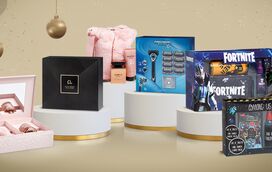 Descobrimos as caixas mágicas que vão encantar neste natal! 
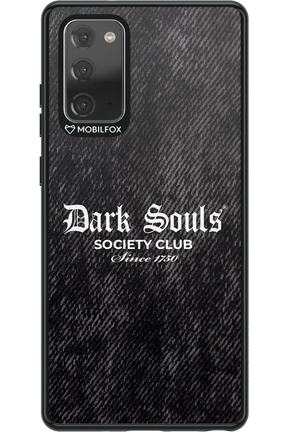 Dark Souls - Samsung Galaxy Note 20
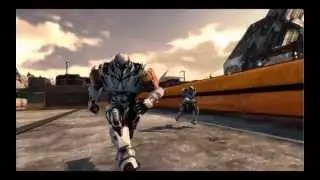 Section 8: Prejudice Awesome Moment/Cutscene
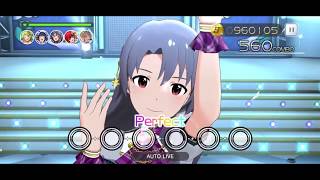 【ミリシタ オートライブ MV】待ちぼうけのLacrima(アクアリウス)【アナザーアピール】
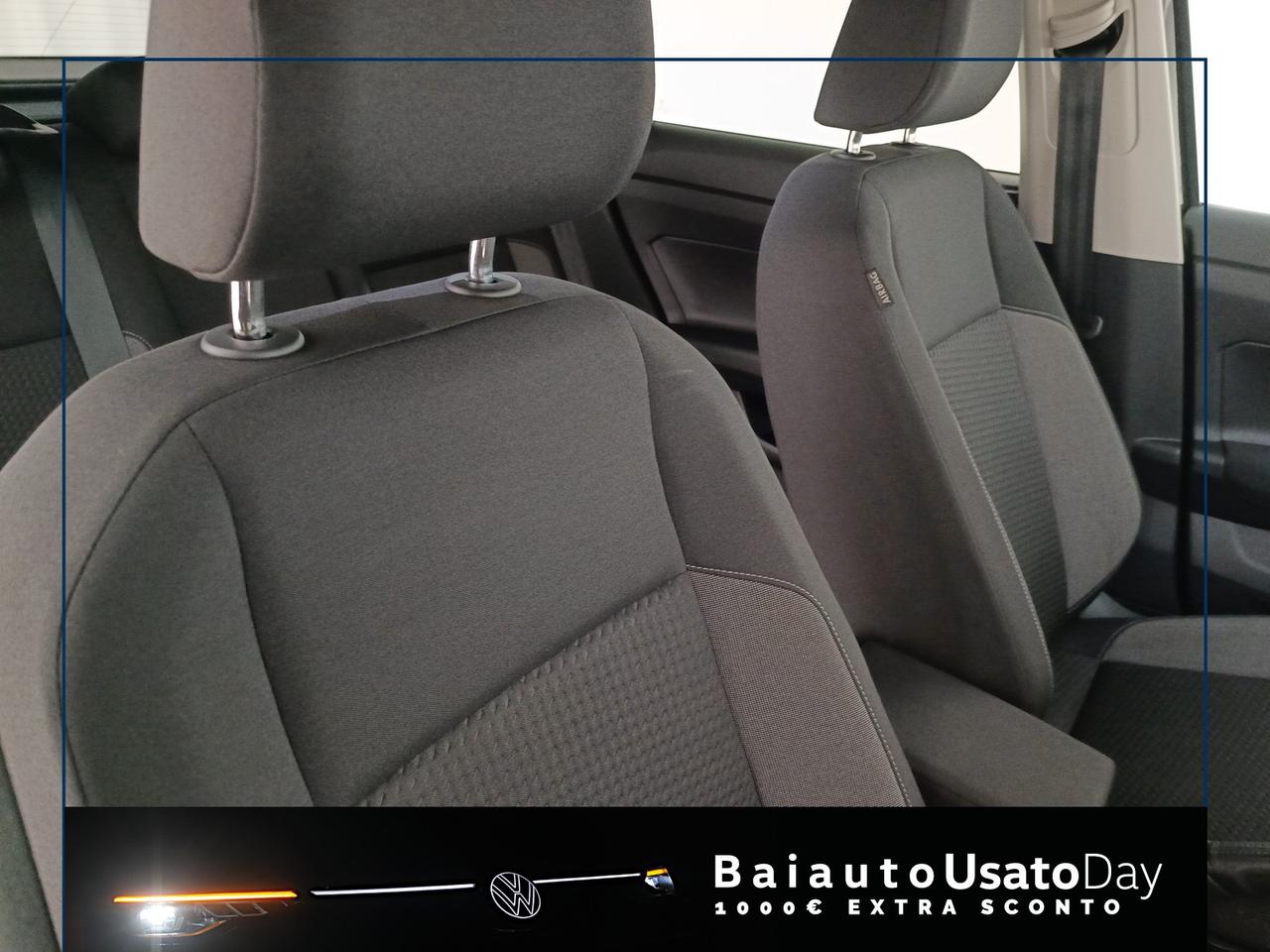 Volkswagen Taigo 1.0 tsi 95cv life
================
*REQUIRED ACTION:*
Only the text of the listing above is copied, exactly as written; its pictures are dropped.

*EXERCISE SOLUTION:*
 Descobrimos as caixas mágicas que vão encantar neste natal! 
 Dark Souls - Samsung Galaxy Note 20
 Section 8: Prejudice Awesome Moment/Cutscene
 【ミリシタ オートライブ MV】待ちぼうけのLacrima(アクアリウス)【アナザーアピール】
 Volkswagen Taigo 1.0 tsi 95cv life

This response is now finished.